Task statement: Range to copy from the entries below: the line containing "gallery-06 Happy man" through the line containing "AMLI Park Broadway", inclusive. Retype only those lines, exactly, without any images.

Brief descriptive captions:
· · ·

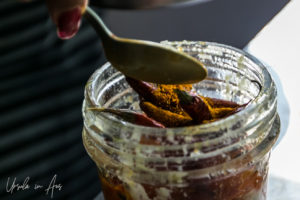 Adding a spoon of spice in ghee to a blender of chillies.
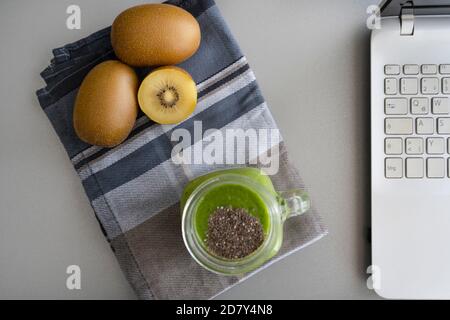 Gesunder Arbeitsplatz mit grünem Smoothie und Laptop auf grauem Hintergrund mit kiwis.work zu Hause, Zeitpause, freiberuflicher und digitaler Nomadenkonzept. Stockfoto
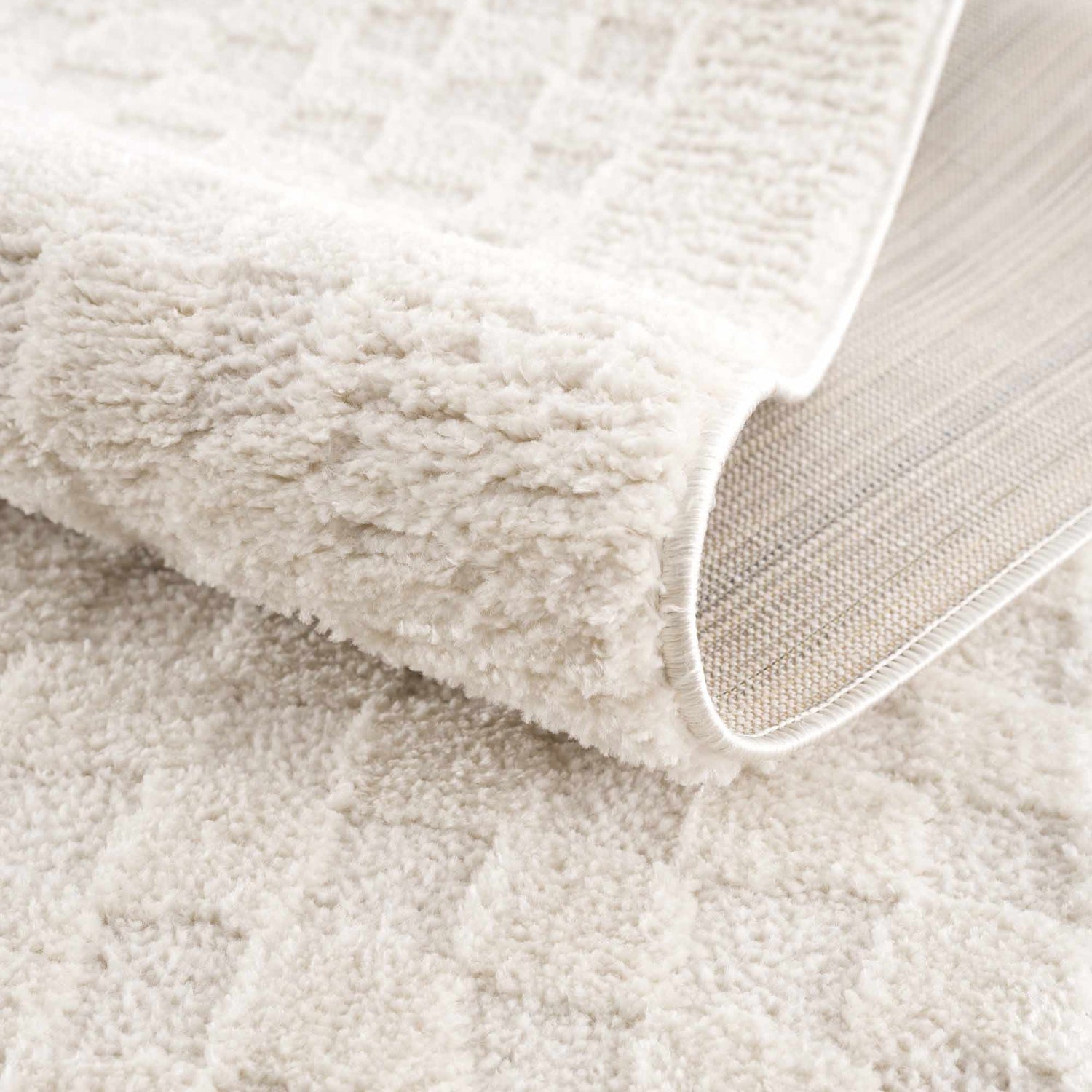 Close-up of the plush, ivory Leryn Ivory Checkered Area Rug showing its geometric checkered pattern and woven backing. Fold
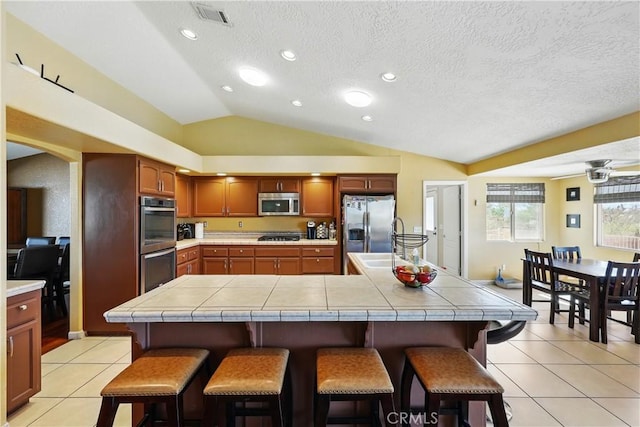 kitchen with a breakfast bar, stainless steel appliances, visible vents, tile countertops, and lofted ceiling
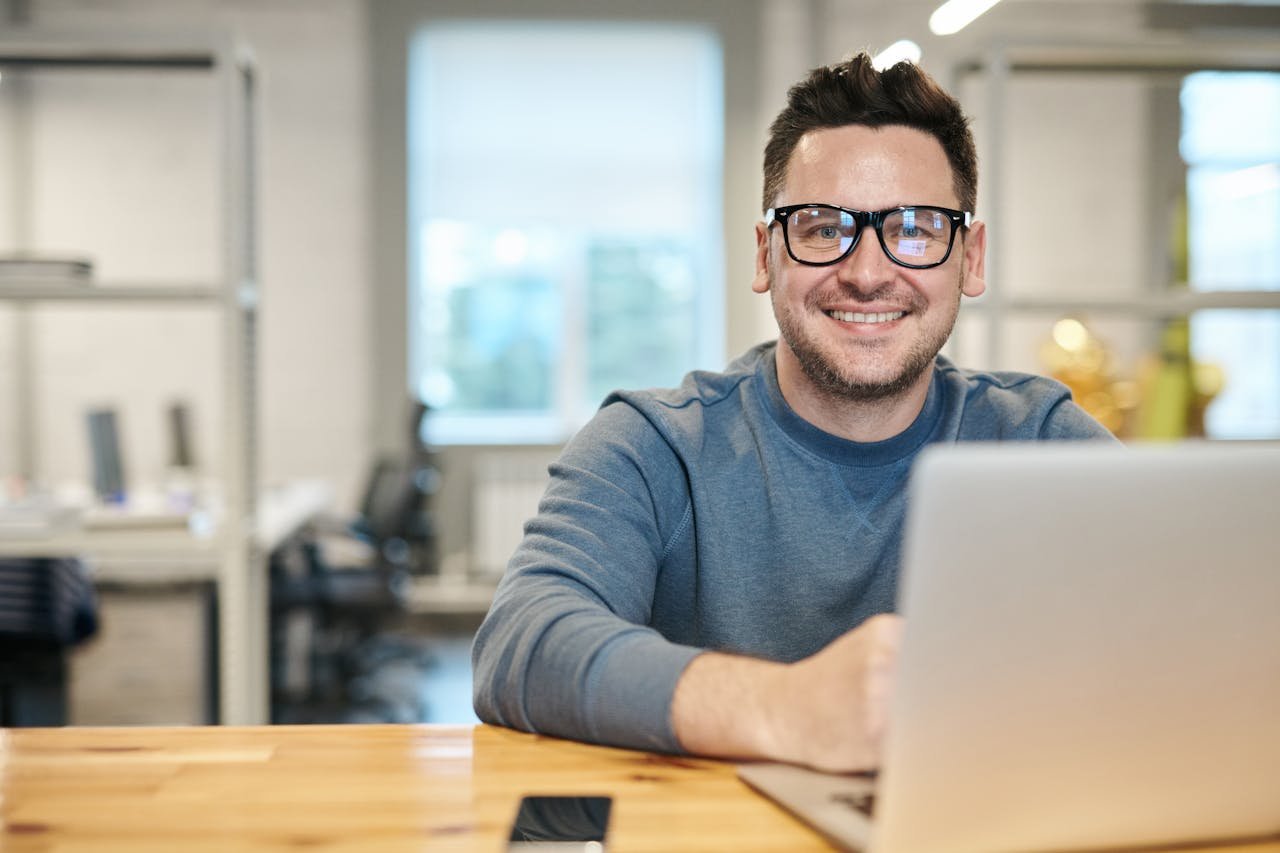 gallery-06 Happy man wearing glasses working remotely on laptop in modern office environment.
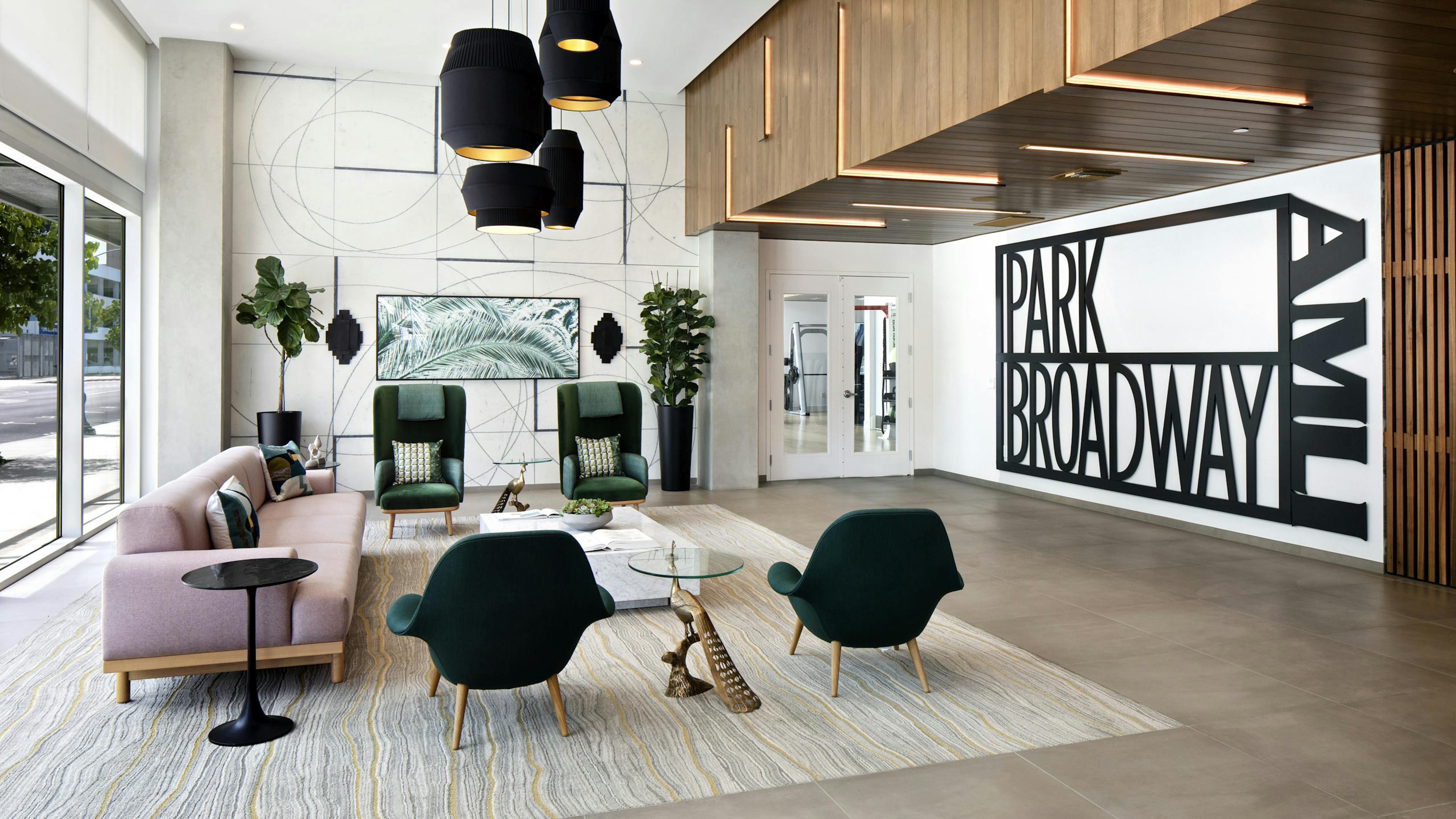 AMLI Park Broadway apartment building lobby with pink couch and four dark green chairs and modern black hanging lights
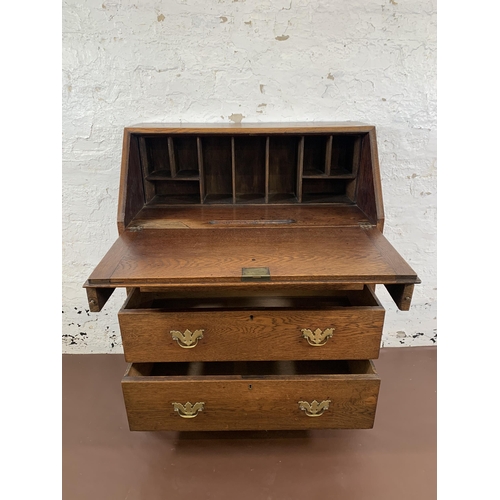 211 - A Georgian oak bureau on bracket supports - approx. 98cm high x 76cm wide x 39cm deep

· · ·

The answer:
 gallery-06 Happy man wearing glasses working remotely on laptop in modern office environment.
 AMLI Park Broadway apartment building lobby with pink couch and four dark green chairs and modern black hanging lights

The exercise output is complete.